Ezra Klein attempts to not let the Newtown crisis go to waste.

Well, here’s something ironic for you.  Ezra Klein, after writing this laudably honest admission about policy responses to atrocities like the Newtown mass murder:

I’ll tell you what scares me: I don’t think we know how to prevent a tragedy like the Newtown massacre. The more information that emerges on the killings, the less effective any of the potential policy remedies appear to be.

…and listing some of the most common rhetorical arguments, pros and cons, Klein then promptly brings up the thought of seeing if there’s a way to restrict handgun purchases… despite the fact that nobody at Newtown was murdered with one.  In fact, he’s pretty explicit in trying to come up with a way to generalize a response to the aforementioned atrocity.  And they wonder why pro-2nd Amendment folks don’t trust anti-gun Democrats…

Moe Lane

PS: We will have no consensus on what to do about awful events like Newtown until we come to a consensus on what constitutes ‘sick,’ ‘crazy,’ and ‘evil.’  Sorry to say that, but that’s how I see it.

11 thoughts on “Ezra Klein attempts to not let the Newtown crisis go to waste.”

  1. Ezra Klein is sort of the journalistic equivalent of a Kardashian. Not that he’s generally useless like the Kardashians, but because he’s basically considered “smart”” due to the same circular logic by which the Kardashians are “famous”. The Kardashians are famous because they have 50 reality shows, and they have 50 reality shows because they’re famous, but there isn’t any explanation for either beyond that. Substituting “Klein”, “smart” and “Washington Post column” in the appropriate spots nets the same effect.

    1. I think it’s because he came of age during, and rather looks like a cast member of The West Wing, a “biting” political drama that featured all manner of intelligent-sounding “reasonable” leftists, ergo, he must be a “reasonable” and “intelligent”, if sometimes “biting”, leftist.

      1. “Intelligent-sounding ‘reasonable’ leftists”? Are we thinking of the same show, the one that notorious cokehead Aaron Sorkin scripted?

        1. You’re right: I neglected to quote “intelligent”-sounding. And yes, it’s Sorkin. However, to the untrained ear, he does have a talent for sounding pithy, insightful and ever-so-intelligent.

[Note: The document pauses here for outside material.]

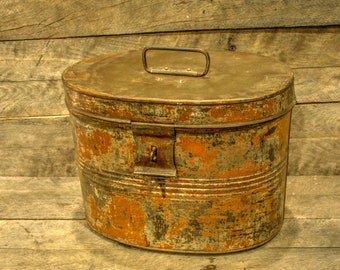 Vintage tin storage bin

  2. The more information that emerges on the killings, the less effective any of the potential policy remedies appear to be.
    .
    Yet that won’t stop people like him from trying because THIS time it will be different.

    1. Wrong. They believe in Present Evil. It’s just that they believe in its inverse as well (despite all evidence to the contrary), the Perfectibility of Man. If only those Rightwingers and their hideous, depraved, downer view of Man as “fallen” would just get out of the way…!
      .
      See, e.g., “Conflict of Visions”, (Sowell, Thomas)

  3. Klein accidentally uncovers the fatal flaw in his worldview. Policy problems require policy remedies, but in very, very few instances are things merely policy problems. This holds true most especially in this case.

    When all is said and done, policy remedies always seem to violate the Hippocratic Oath.